[Start of Attachment]

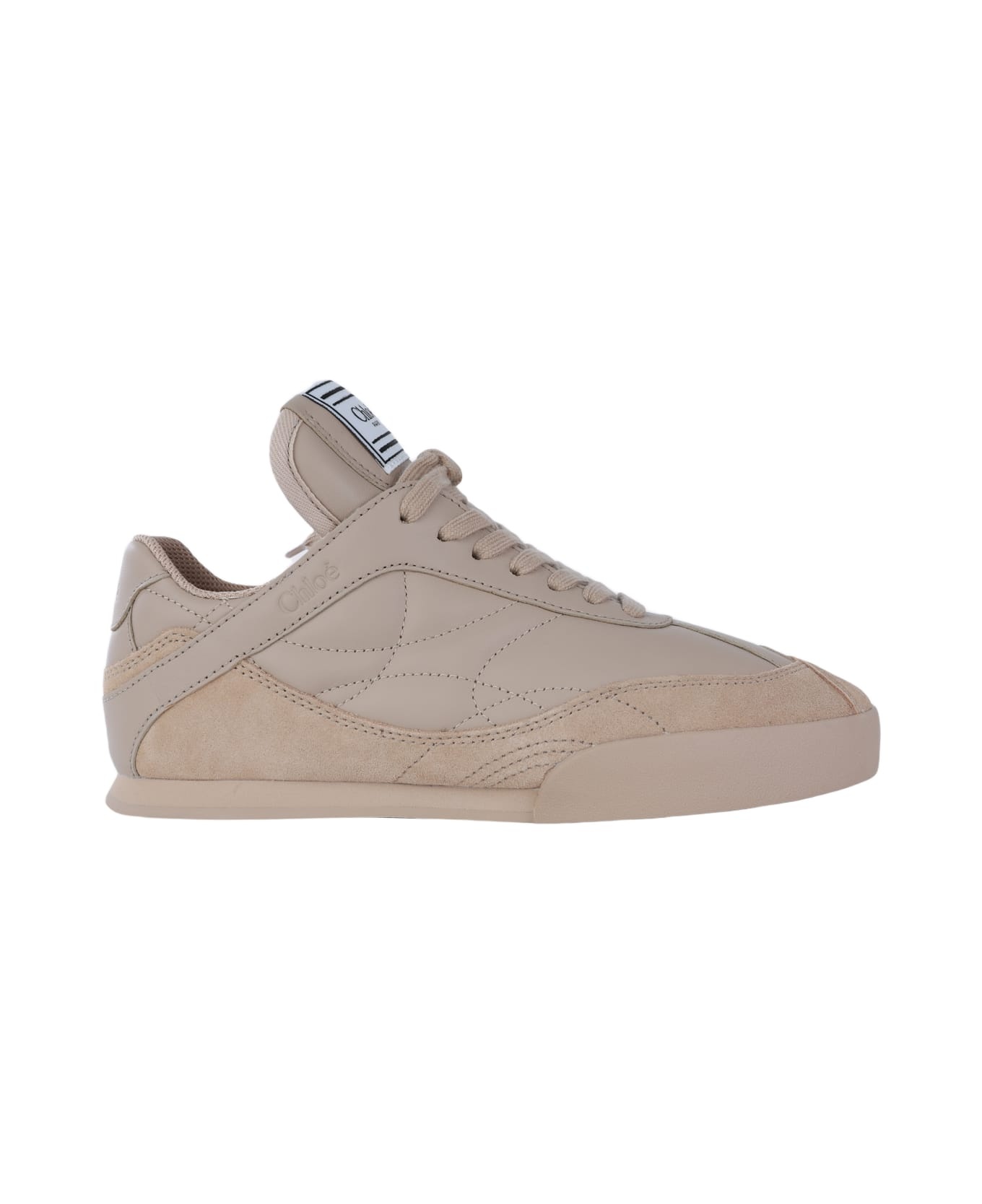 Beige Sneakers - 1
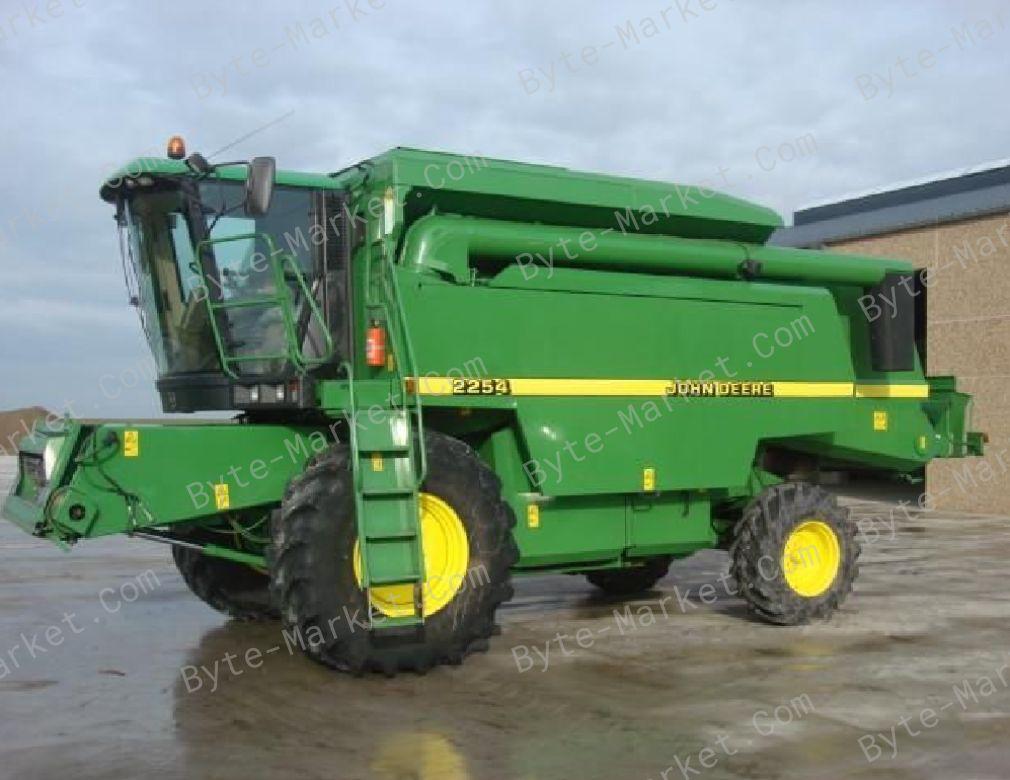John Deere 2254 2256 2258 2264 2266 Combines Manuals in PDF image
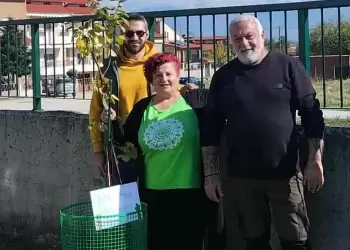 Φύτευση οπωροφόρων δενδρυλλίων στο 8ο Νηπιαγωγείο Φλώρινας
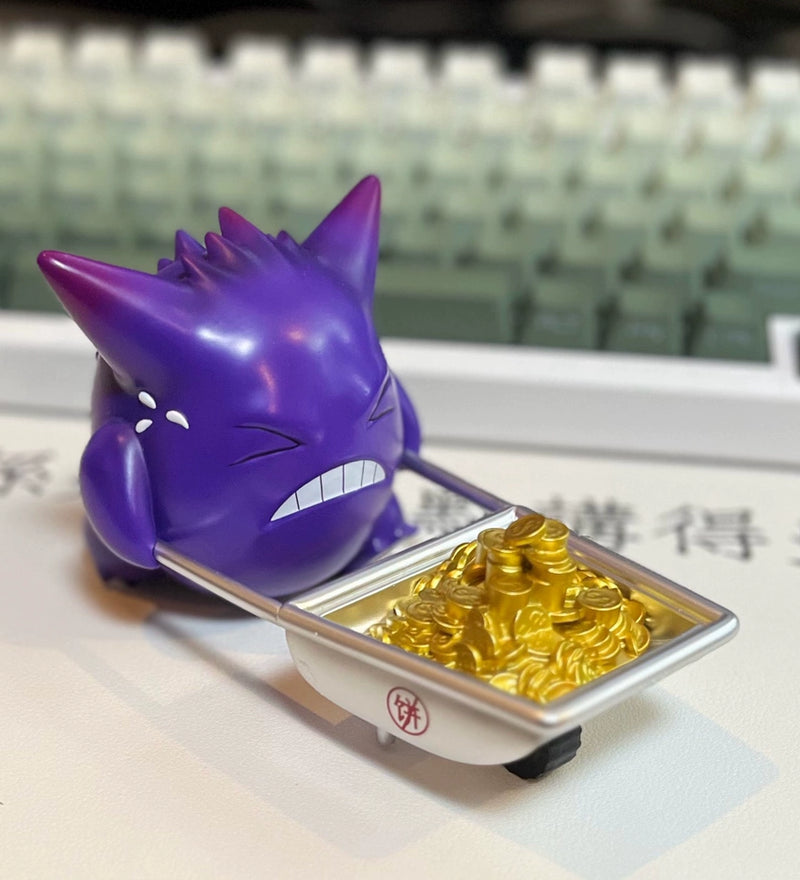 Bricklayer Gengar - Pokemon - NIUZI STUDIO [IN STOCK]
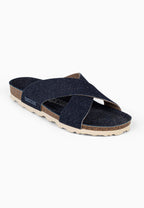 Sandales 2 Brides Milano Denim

[End of Attachment]

## EXERCISE
From the line that contains "John Deere 2254" to the end of the material above, output every line exactly, both ends included, but leave out any pictures.

## SOLUTION FOR THIS TASK
John Deere 2254 2256 2258 2264 2266 Combines Manuals in PDF image
 Φύτευση οπωροφόρων δενδρυλλίων στο 8ο Νηπιαγωγείο Φλώρινας
 Bricklayer Gengar - Pokemon - NIUZI STUDIO [IN STOCK]
 Sandales 2 Brides Milano Denim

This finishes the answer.